Context: I use a fully convolutional network to perform image segmentation. Typically, the input is an RGB image shape = [512, 256], and the target is a two-channel binary mask defining annotated areas (the second channel is opposite to the first channel).
Question: I have the same CNN implementation using Tensorflow and Keras. But the Tensorflow model is not starting to learn. In fact, losseven growing with the number of eras! What is wrong with this Tensorflow implementation that is stopping him from learning?

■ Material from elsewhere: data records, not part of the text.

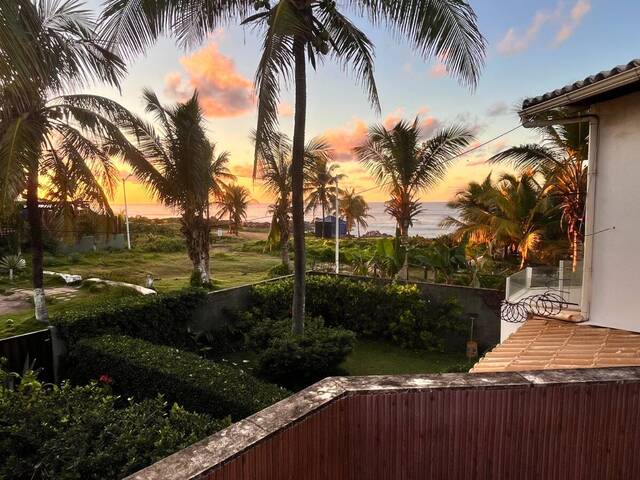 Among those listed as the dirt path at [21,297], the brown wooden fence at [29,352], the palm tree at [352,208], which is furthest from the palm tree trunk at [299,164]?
the palm tree at [352,208]

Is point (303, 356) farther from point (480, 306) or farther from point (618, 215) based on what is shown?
point (618, 215)

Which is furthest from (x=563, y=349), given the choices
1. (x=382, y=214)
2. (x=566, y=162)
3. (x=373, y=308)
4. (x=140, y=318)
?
(x=382, y=214)

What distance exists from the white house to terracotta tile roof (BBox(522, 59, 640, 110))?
0.01 metres

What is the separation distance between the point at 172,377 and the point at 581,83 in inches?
251

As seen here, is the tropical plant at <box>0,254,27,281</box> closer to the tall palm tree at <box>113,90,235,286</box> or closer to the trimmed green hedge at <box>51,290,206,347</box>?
the tall palm tree at <box>113,90,235,286</box>

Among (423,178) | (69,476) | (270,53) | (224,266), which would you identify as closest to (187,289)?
(270,53)

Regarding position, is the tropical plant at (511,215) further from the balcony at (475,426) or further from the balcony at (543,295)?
the balcony at (475,426)

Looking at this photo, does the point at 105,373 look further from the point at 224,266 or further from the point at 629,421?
the point at 224,266

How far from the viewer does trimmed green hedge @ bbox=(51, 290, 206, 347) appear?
25.0 feet

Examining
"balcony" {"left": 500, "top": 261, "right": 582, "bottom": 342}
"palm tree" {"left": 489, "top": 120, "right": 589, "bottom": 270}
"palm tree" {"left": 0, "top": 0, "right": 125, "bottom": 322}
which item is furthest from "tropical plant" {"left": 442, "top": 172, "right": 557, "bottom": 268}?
"palm tree" {"left": 0, "top": 0, "right": 125, "bottom": 322}

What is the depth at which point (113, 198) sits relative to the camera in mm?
9344

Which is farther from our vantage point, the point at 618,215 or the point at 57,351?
the point at 57,351

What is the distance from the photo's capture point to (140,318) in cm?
848

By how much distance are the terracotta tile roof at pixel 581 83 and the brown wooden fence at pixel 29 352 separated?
27.7ft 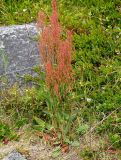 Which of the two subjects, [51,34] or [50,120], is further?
[50,120]

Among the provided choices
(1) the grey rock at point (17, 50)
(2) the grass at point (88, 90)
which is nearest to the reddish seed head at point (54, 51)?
(2) the grass at point (88, 90)

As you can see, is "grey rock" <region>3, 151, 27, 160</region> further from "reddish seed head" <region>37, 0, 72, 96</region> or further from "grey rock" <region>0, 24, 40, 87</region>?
"grey rock" <region>0, 24, 40, 87</region>

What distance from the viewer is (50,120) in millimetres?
5316

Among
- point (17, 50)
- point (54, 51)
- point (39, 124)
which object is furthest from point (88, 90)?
point (17, 50)

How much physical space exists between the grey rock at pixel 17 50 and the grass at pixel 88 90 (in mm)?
245

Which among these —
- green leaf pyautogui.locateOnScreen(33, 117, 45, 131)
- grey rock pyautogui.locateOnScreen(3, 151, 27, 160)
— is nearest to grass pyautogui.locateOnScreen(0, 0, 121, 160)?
green leaf pyautogui.locateOnScreen(33, 117, 45, 131)

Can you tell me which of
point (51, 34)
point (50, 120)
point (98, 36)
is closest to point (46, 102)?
point (50, 120)

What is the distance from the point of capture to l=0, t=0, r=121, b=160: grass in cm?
511

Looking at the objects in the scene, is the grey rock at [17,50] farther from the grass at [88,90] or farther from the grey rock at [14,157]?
the grey rock at [14,157]

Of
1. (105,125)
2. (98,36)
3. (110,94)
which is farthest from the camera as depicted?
(98,36)

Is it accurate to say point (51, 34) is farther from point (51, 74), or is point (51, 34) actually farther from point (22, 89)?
point (22, 89)

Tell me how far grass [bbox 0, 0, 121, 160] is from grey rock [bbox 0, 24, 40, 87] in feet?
0.80

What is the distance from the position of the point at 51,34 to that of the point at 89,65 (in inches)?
57.5

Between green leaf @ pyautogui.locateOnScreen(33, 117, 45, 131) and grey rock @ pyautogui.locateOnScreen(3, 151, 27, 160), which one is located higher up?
green leaf @ pyautogui.locateOnScreen(33, 117, 45, 131) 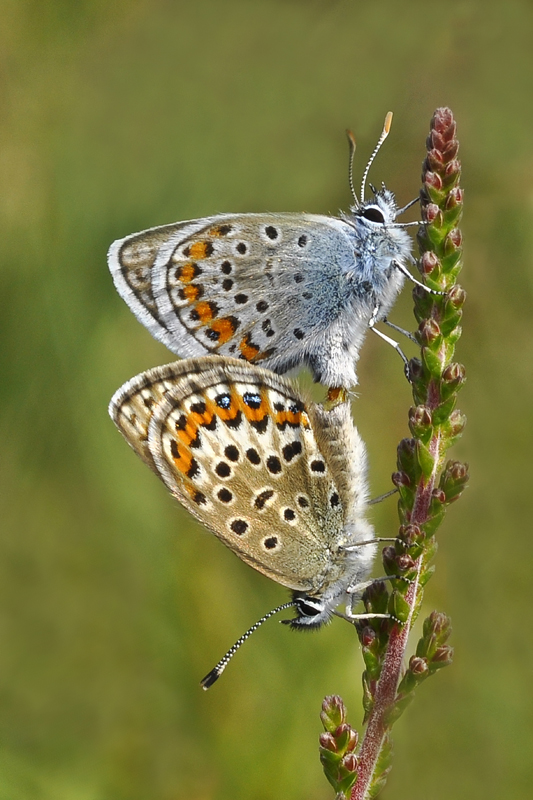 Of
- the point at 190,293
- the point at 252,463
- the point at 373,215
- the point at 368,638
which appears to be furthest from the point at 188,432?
the point at 373,215

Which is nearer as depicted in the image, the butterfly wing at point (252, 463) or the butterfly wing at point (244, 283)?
the butterfly wing at point (252, 463)

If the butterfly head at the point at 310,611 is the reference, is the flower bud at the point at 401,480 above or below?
above

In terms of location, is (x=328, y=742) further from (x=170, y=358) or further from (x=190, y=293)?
(x=170, y=358)

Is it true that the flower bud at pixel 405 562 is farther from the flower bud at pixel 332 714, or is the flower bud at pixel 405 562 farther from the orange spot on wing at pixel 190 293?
the orange spot on wing at pixel 190 293

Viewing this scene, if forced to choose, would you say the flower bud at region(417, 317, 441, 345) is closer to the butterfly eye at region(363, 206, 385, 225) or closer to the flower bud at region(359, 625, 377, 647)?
the flower bud at region(359, 625, 377, 647)

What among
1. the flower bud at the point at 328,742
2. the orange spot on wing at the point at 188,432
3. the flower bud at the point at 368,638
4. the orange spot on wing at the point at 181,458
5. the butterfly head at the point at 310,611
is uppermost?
the orange spot on wing at the point at 188,432

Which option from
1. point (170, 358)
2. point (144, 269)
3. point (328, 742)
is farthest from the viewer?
point (170, 358)

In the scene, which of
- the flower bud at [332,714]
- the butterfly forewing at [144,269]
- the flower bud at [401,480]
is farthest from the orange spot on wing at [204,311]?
the flower bud at [332,714] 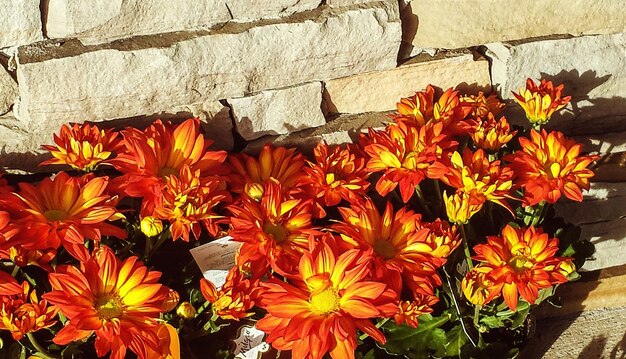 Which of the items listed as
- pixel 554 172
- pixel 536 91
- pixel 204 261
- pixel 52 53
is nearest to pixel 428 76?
pixel 536 91

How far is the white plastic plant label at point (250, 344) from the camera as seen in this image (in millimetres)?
1341

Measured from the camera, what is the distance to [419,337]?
1.47m

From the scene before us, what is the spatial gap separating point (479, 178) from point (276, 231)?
373mm

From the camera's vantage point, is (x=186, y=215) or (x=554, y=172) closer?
(x=186, y=215)

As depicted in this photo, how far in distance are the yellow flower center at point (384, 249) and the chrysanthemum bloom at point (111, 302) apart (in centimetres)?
38

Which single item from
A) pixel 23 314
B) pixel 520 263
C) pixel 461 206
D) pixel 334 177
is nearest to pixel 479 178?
pixel 461 206

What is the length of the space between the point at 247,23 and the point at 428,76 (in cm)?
42

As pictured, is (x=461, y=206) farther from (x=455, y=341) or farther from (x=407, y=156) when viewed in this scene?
(x=455, y=341)

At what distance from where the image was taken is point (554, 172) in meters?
1.40

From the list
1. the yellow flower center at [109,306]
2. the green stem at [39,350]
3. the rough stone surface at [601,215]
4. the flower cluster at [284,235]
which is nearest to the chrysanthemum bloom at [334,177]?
the flower cluster at [284,235]

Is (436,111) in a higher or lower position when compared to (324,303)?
higher

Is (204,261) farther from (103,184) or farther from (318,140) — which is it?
(318,140)

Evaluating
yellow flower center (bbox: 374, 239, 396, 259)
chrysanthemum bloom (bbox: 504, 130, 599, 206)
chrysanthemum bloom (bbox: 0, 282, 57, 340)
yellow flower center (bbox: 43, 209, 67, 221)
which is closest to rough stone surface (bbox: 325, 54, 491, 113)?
chrysanthemum bloom (bbox: 504, 130, 599, 206)

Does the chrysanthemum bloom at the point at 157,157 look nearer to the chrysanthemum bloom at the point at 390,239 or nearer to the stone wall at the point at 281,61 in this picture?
the stone wall at the point at 281,61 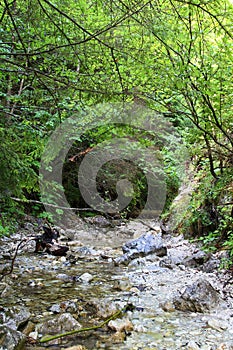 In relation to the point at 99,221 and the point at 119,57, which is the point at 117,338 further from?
the point at 99,221

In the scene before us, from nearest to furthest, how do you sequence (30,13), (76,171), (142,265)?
(30,13)
(142,265)
(76,171)

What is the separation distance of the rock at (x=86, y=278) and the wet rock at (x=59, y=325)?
4.44 ft

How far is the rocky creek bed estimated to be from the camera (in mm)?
2268

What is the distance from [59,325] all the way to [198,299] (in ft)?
3.95

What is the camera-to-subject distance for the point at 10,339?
2.05 meters

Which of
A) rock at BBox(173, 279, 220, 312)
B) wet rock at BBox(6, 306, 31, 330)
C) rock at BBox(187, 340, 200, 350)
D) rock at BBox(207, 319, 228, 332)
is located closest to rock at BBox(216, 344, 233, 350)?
rock at BBox(187, 340, 200, 350)

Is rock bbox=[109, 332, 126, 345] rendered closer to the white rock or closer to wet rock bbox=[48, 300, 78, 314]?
wet rock bbox=[48, 300, 78, 314]

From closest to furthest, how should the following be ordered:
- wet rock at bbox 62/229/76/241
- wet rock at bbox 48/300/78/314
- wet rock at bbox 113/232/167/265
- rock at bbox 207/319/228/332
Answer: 1. rock at bbox 207/319/228/332
2. wet rock at bbox 48/300/78/314
3. wet rock at bbox 113/232/167/265
4. wet rock at bbox 62/229/76/241

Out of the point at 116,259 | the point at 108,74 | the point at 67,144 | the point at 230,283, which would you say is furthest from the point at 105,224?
the point at 108,74

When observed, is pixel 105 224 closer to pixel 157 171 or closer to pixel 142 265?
pixel 157 171

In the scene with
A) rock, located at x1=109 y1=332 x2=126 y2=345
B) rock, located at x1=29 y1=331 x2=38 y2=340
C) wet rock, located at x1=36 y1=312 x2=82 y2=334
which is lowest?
rock, located at x1=29 y1=331 x2=38 y2=340

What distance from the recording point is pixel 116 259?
5035 millimetres

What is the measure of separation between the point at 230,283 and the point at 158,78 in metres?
2.04

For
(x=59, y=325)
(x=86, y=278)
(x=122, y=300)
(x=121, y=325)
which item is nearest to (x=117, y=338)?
(x=121, y=325) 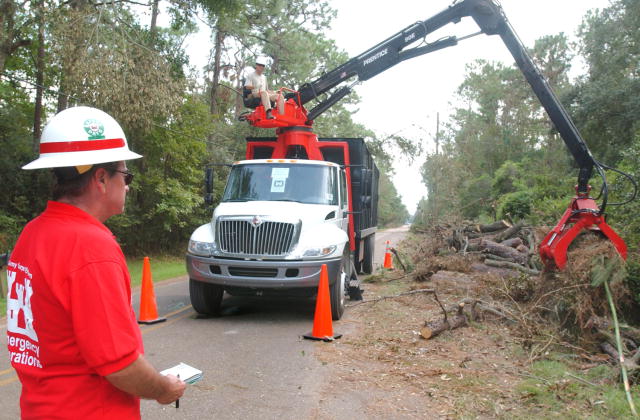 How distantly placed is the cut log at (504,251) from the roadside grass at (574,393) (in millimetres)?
6405

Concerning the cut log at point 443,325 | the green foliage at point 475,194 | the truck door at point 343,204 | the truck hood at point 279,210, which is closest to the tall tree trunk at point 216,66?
the truck door at point 343,204

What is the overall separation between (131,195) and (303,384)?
17071mm

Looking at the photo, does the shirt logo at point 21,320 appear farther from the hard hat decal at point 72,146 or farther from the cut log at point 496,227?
the cut log at point 496,227

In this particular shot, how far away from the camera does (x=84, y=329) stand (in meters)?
1.75

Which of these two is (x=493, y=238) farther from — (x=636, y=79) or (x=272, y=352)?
(x=636, y=79)

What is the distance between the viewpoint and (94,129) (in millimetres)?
2012

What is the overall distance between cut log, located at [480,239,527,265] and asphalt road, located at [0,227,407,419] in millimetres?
5306

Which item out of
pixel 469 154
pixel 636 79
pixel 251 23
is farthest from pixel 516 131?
pixel 251 23

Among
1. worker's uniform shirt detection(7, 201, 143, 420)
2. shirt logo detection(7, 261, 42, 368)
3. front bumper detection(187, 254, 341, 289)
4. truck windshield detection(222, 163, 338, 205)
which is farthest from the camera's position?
truck windshield detection(222, 163, 338, 205)

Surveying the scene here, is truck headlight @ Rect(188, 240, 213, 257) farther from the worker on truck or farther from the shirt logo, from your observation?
the shirt logo

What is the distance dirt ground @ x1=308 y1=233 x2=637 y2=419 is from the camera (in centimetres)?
475

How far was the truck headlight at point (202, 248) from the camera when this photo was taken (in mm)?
8170

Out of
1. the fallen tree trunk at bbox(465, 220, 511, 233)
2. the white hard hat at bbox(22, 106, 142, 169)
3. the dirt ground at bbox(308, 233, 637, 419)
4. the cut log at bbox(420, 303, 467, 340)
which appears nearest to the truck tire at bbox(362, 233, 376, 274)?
the fallen tree trunk at bbox(465, 220, 511, 233)

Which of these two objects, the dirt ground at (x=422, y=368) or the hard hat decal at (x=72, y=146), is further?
the dirt ground at (x=422, y=368) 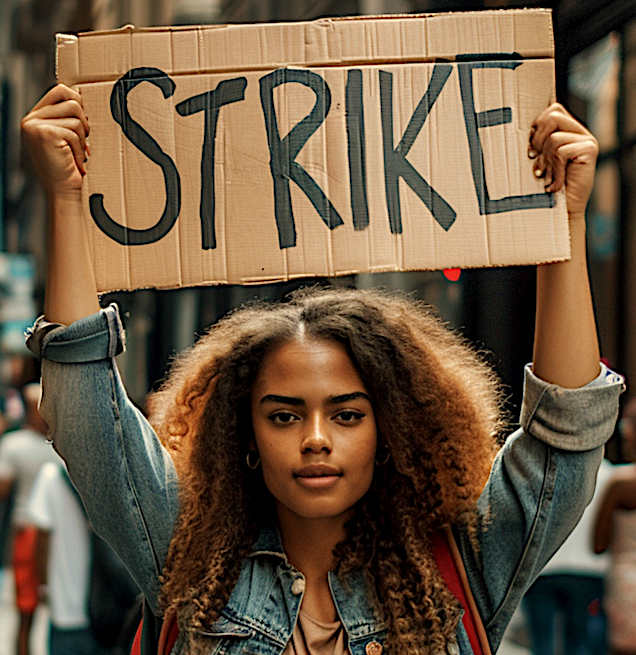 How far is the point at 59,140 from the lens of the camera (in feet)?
6.72

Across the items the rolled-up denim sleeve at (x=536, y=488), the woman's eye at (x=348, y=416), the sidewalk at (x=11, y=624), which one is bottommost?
the sidewalk at (x=11, y=624)

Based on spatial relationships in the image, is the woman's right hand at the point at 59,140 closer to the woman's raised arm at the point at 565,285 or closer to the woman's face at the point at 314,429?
the woman's face at the point at 314,429

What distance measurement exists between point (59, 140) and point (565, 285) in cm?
99

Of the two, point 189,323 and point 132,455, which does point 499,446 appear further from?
point 189,323

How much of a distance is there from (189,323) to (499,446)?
7641 millimetres

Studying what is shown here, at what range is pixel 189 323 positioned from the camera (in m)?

Setting: The data set is divided into 3 subsets: training (78%), testing (8%) and validation (14%), which are submitted to the network in batches of 8 images. The graphs show evolution lossfor each subset. Images show predictionthrough 10 eras for two different images.
Tensorflow implementation and results
import tensorflow as tf
tf.reset_default_graph()
x = inputs = tf.placeholder(tf.float32, shape=[None, shape[1], shape[0], 3])
targets = tf.placeholder(tf.float32, shape=[None, shape[1], shape[0], 2])
for d in range(4):
x = tf.layers.conv2d(x, filters=np.exp2(d+4), kernel_size=[3,3], strides=[1,1], padding="SAME", activation=tf.nn.relu)
x = tf.layers.max_pooling2d(x, strides=[2,2], pool_size=[2,2], padding="SAME")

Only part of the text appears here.